Whitehorse's city council will vote next Monday on awarding two long-term contracts at its landfill.

Whitehorse’s city council will vote next Monday on awarding two long-term contracts at its landfill.

The contracts for the landfill’s gatekeeping and transfer station operations spurred a heated debate last month among councillors, who eventually voted 4-3 in favour of putting the contracts out for competition.

Coun. Kirk Cameron was the driving force behind the initiative, arguing that the city should offer local businesses more opportunities.

Raven Recycling, which has run the gatehouse since 2000, was unsuccessful with its bid of $149,777 annually. The lowest bid came from Lanix Property Management Ltd., which bid $139,250 annually.

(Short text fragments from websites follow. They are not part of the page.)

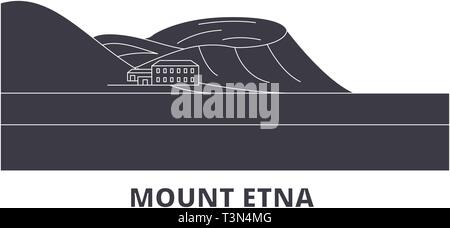 L'Italia, l'Etna piatta sullo skyline di viaggio set. L'Italia, l'Etna città nero illustrazione vettoriale, simbolo, siti di viaggi, punti di riferimento. Illustrazione Vettoriale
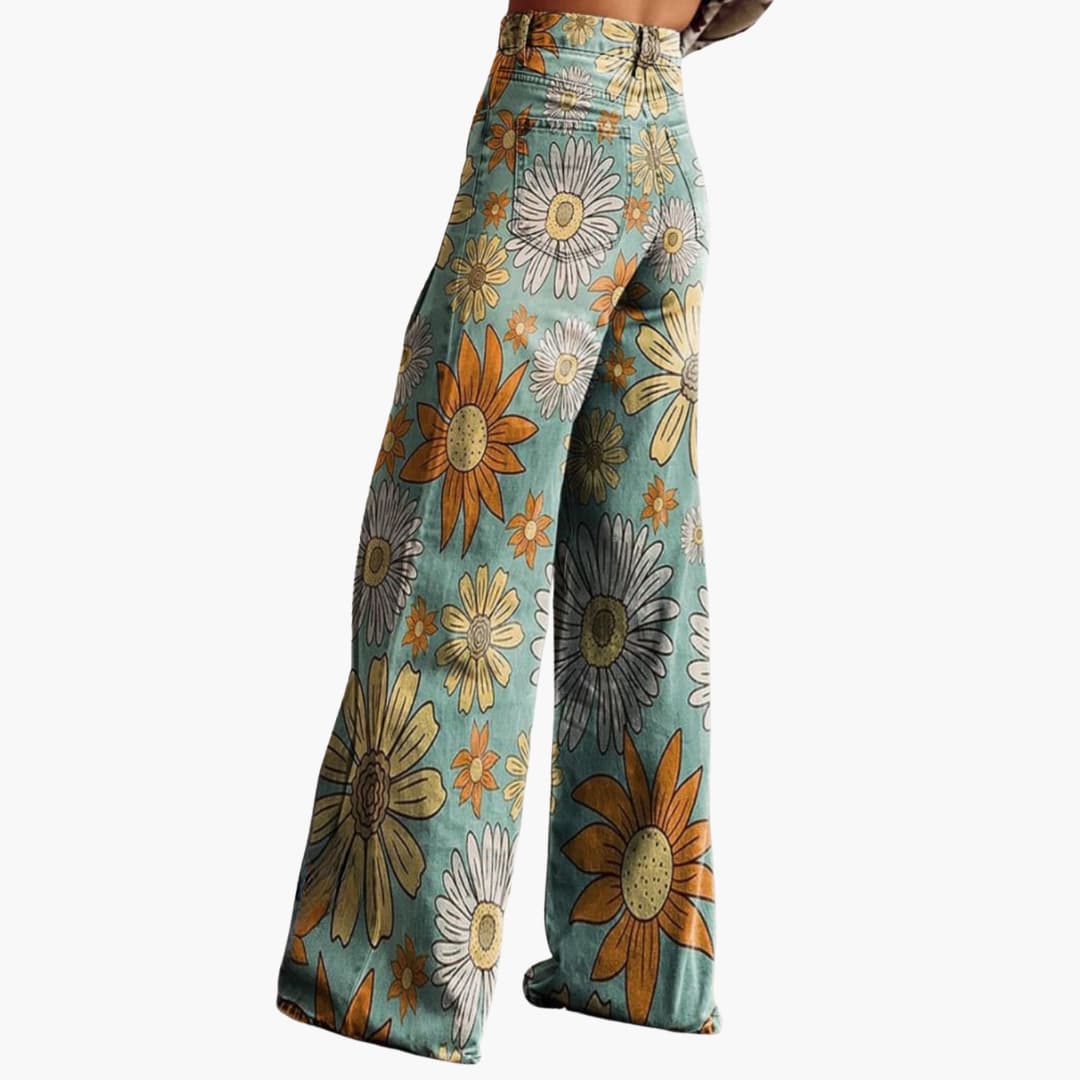 Women’s wide-leg trousers with high waist and floral print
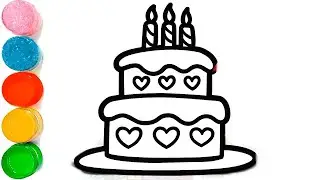 How To Draw Birthday Cake Drawing | Birthday Cake Drawing for Kids | Easy Cake Drawing Step by Step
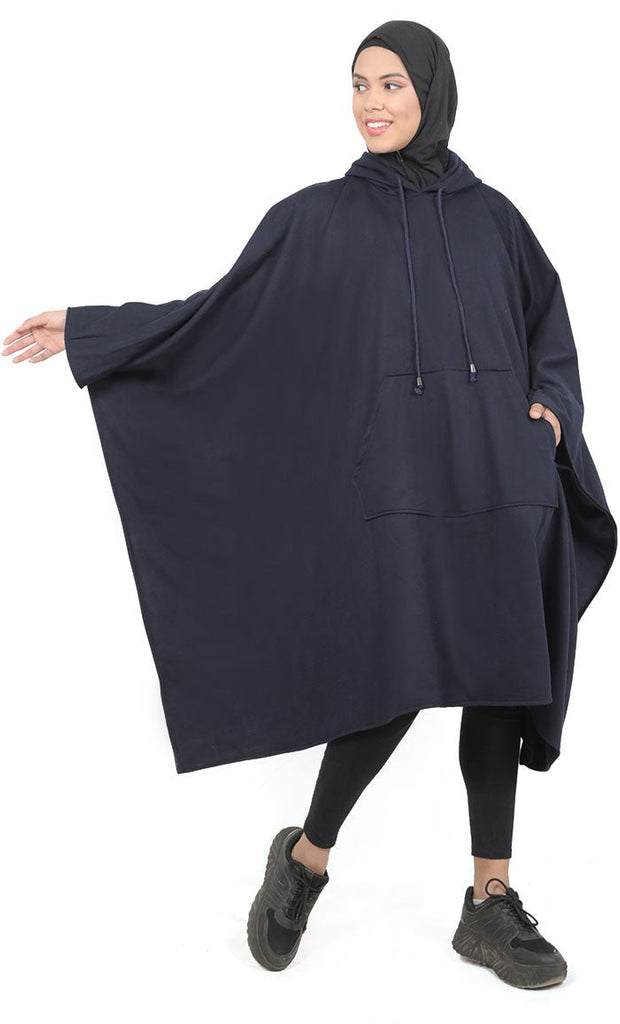 Women's Comfortable Kaftan Style Warm Fleece Hooded Tunic With Pockets - EastEssence.com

That contract previously cost the city approximately $173,000 per year. Raven’s current contract expires on Jan. 31.

The gatehouse at the landfill is open 10 hours a day, seven days a week. Staff open and close the facility, operate the weigh scale, apply the fees and charges, and direct customers to appropriate areas for deposit or disposal.

Raven’s executive director, Joy Snyder, has called the decision not to extend the non-profit’s contract “premature.” She’s maintained that, with Whitehorse’s recycling industry in turmoil, it would have been more sensible for council to sort out the details of its new curbside recycling collection program before re-issuing a public tender.

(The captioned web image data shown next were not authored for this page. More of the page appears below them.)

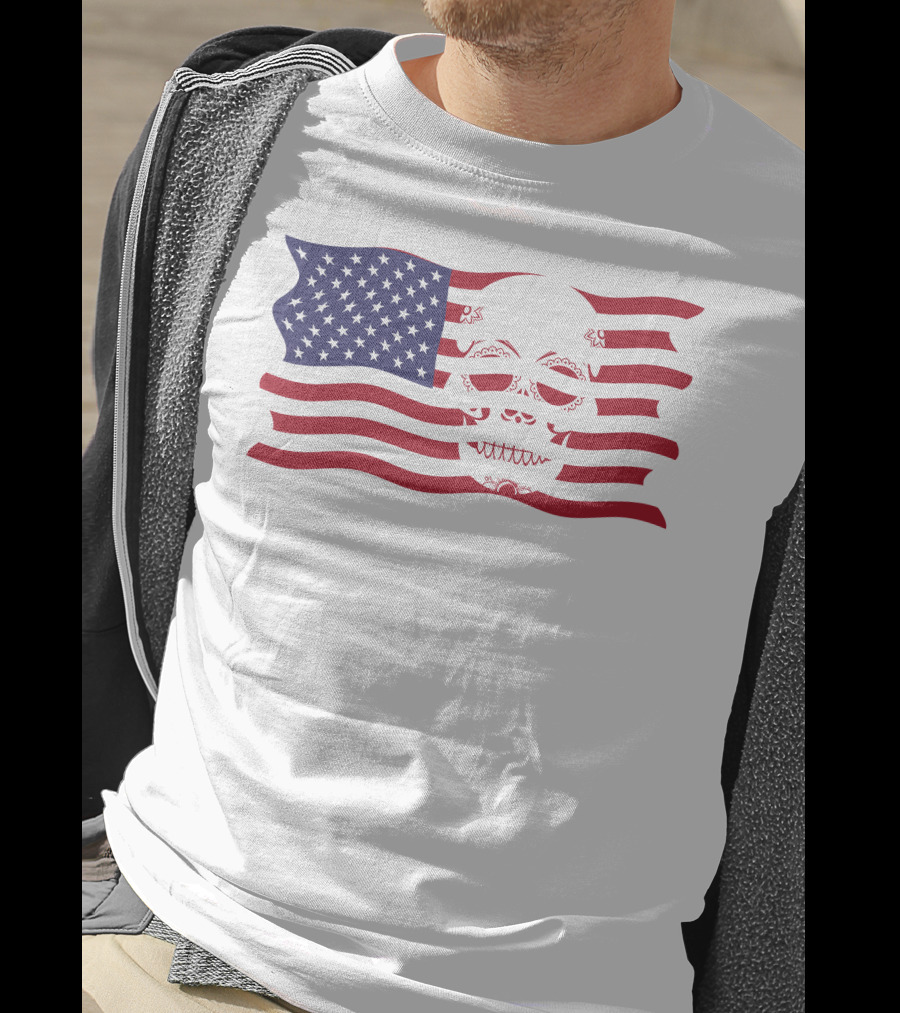 Hold The Line Thin Blue Line Skull USA Flag T-Shirt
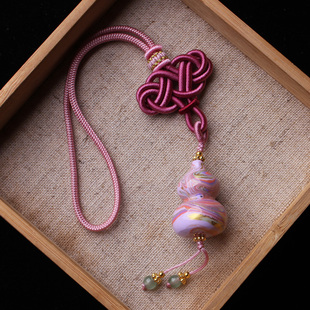 ZGJ02大漆葫芦手工编织平安结包包挂件古风汉服配饰配件扇子装 饰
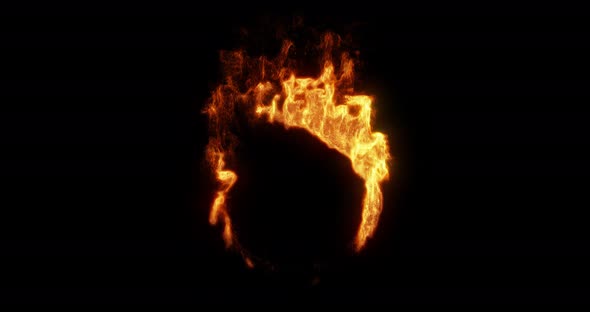 Beautiful ring of fire on black background. 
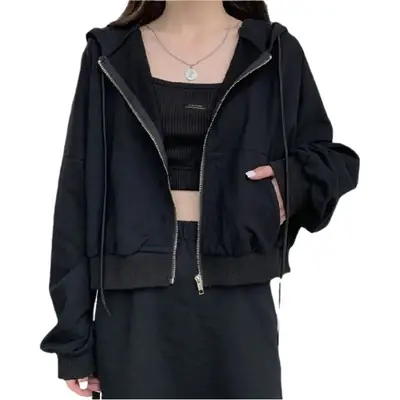 Women Pink Hooded Sweatshirt Short Sleeve Zipper Cardigan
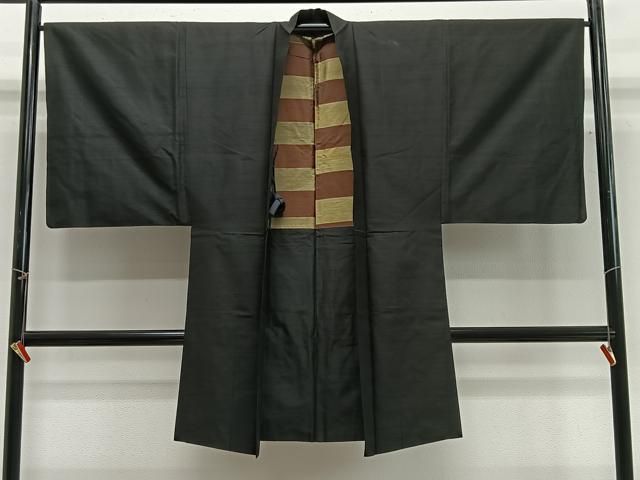 平和屋着物＃男性 長羽織 紬地 黒色 正絹 逸品 CABG3664ua - メルカリ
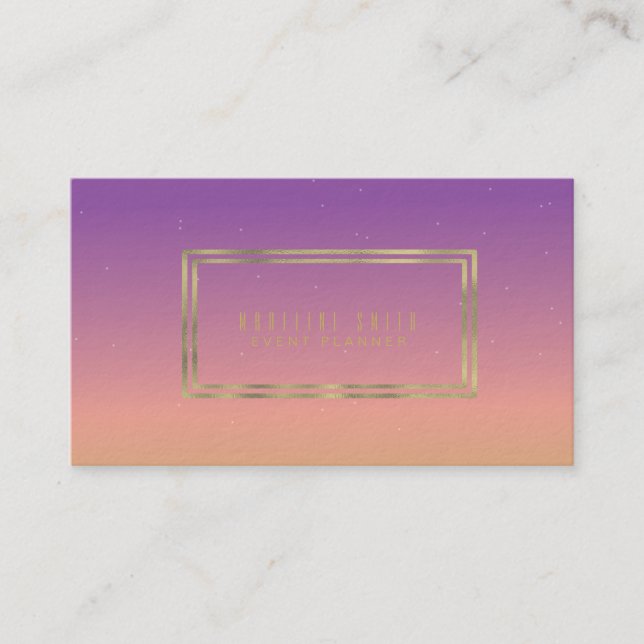 Minimalistisk Dubbla Rim Gold Foil Gradient Lila Visitkort (Framsida)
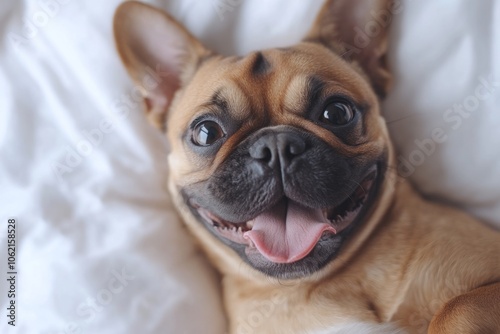 Happy french bulldog puppy relaxing on white bed sheets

Raven shuttered its public drop-off recycling service in October.

Coun. Betty Irwin was in favour of keeping the landfill contracts with Raven, noting that the non-profit has run the gatekeeping operations for almost 15 years.

The city reckons it could run the gatekeeping service directly at a cost of around $180,000 per year.

General Waste Management was the lowest bidder for the transfer station operations contract with an annual bid of $112,251.

The Tle’nax T’awei Group has operated the transfer station since 2009. Its contract also expires at the end of the month.

The transfer station handles hazardous waste, compostables and construction materials.

Administration determined that it could run the transfer station for approximately $81,000 per year, but costs associated with purchasing 12 large bins and a new truck would not “represent good value.”

Both contracts would run from Feb. 1, 2015 until Jan. 31, 2020.

At this week’s standing committee meeting on Monday evening, Coun. John Streicker asked whether the five-year contracts included clauses that could accommodate unforeseen changes in the recycling industry.

David Albisser, the city’s waste and water services manager, said they did.

Councillors will be presented with two options. They could award the contracts to the lowest bidders or cancel the tenders and direct administration to assume operations internally.